In an August 28 Federal Register notice, FMCSA outlined “several high-level proposals” to address each of six specific NAS recommendations, but it noted that the proposals are not the “entirety of the action plan.” FMCSA also plans to establish a Standing Committee to oversee and advise related to the agency’s response to the study. The committee will advise the agency on Item Response Theory (IRT) modeling and establish a process for gathering stakeholder input in the implementation of the action plan.
FMCSA’s Federal Register notice implies that the agency’s focus will be to respond to the six formal recommendations, but the Fixing America’s Surface Transportation Act contemplates a broader and more comprehensive response.

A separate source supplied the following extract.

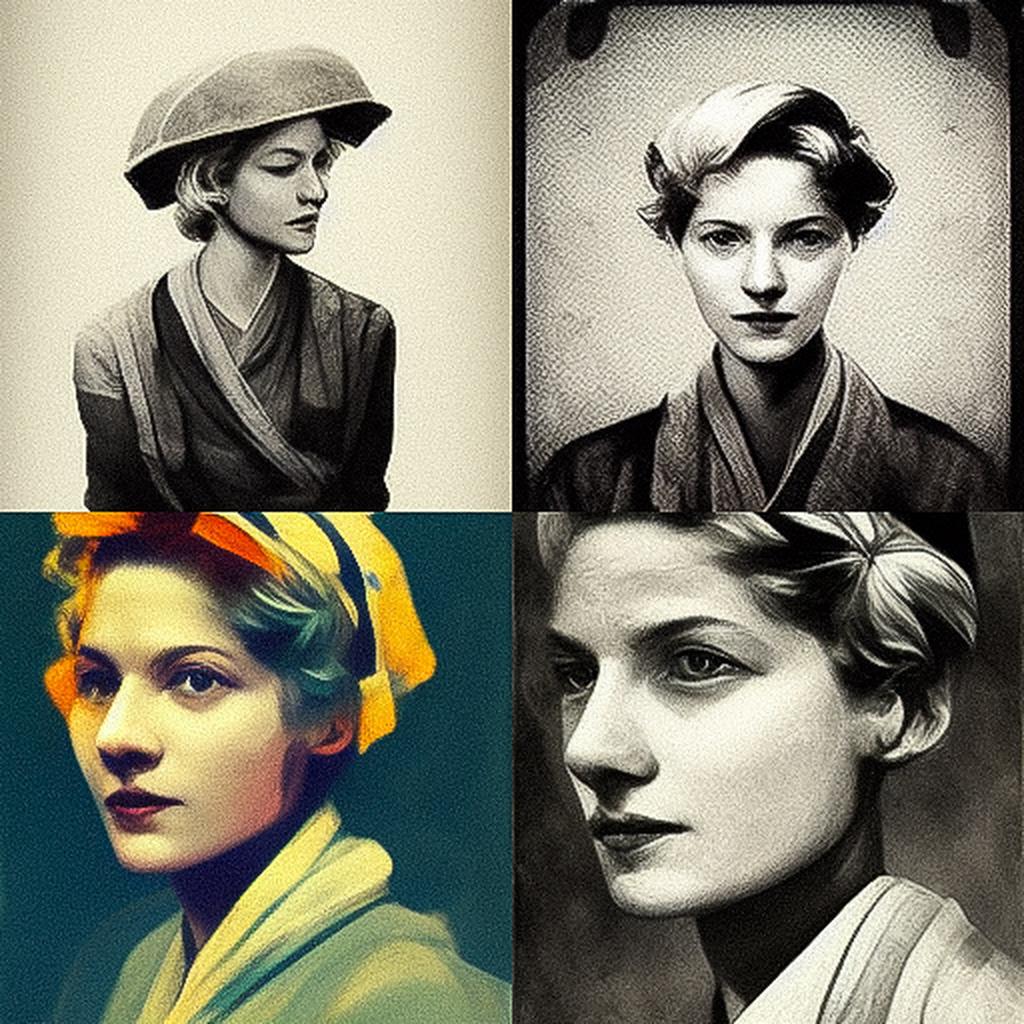 Lee Miller style, Midjourney V3, render 1 of 4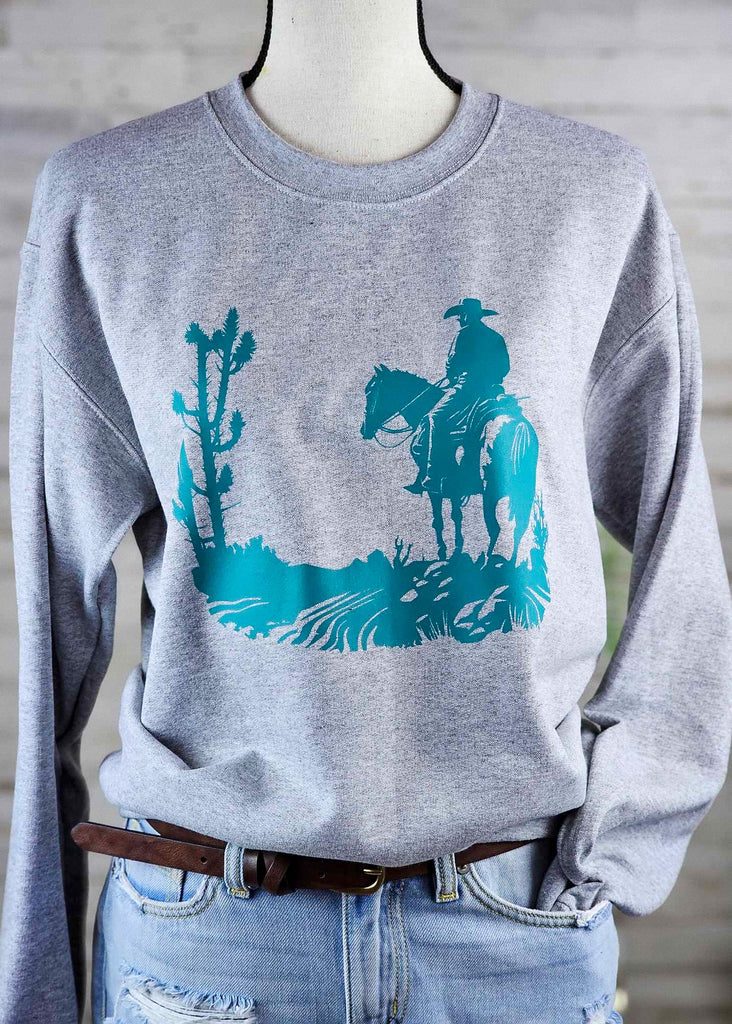 Heather Gray Desert Cowboy Pullover Sweatshirt Pullover The Cinchy Cowgirl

Section 5223 bars publication of SMS percentiles and alerts on property carriers until the Department of Transportation Office of Inspector General certifies that FMCSA’s corrective action plan addressed “any deficiencies identified” in the NAS report and has “fully implemented or satisfactorily addressed” issues raised by a February 2014 Government Accountability Office report (GAO 14-114). (In its Federal Register notice, FMCSA never uses the word “corrective,” as Congress did, and simply refers to is upcoming response as an “action plan.”)
Among the six recommendations are a couple that are of particular interest to small carriers. The fifth recommendation was that FMCSA conduct further study on how the operation of percentile ranking affects its suitability for public release. FMCSA responded:
Like NAS, FMCSA has been unable to quantify the impacts to motor carriers of publicly displaying the SMS percentiles. The Agency has only anecdotal information about the business impacts of the public percentiles on the SMS Web site. Historically, insurance companies and shippers have been reluctant to share data on how safety data is used to determine rates. And, while the Agency has been contacted by companies advising that they lost business because of SMS, these claims have not been validated or assimilated into a usable analysis.
FMCSA requested comments from carriers, insurers, and shippers regarding the impact of public display of SMS percentiles and alerts and said it would use the information “to identify next steps for this recommendation.”
The final recommendation revolves around the phenomenon often called “event group creep” – the situation that occurs when a carrier adds vehicles and receives additional clean inspections and thus incurs poorer SMS metrics simply by moving into a different safety event group. The NAS report recommended that FMCSA decide on the carriers that receive SMS alerts using both the SMS percentile ranks and the SMS measures. Also, percentile ranks should be computed both conditionally within safety event groups and over all motor carriers, the NAS panel recommended. FMCSA said very few carriers are affected by the phenomenon but agreed that SMS methodology should be revised “so that a safety event that is not a violation or crash is not the sole reason for an increased measure or percentile.” FMCSA also is considering the idea of a hybrid measure that combines relative and absolute metrics as part of IRT model development.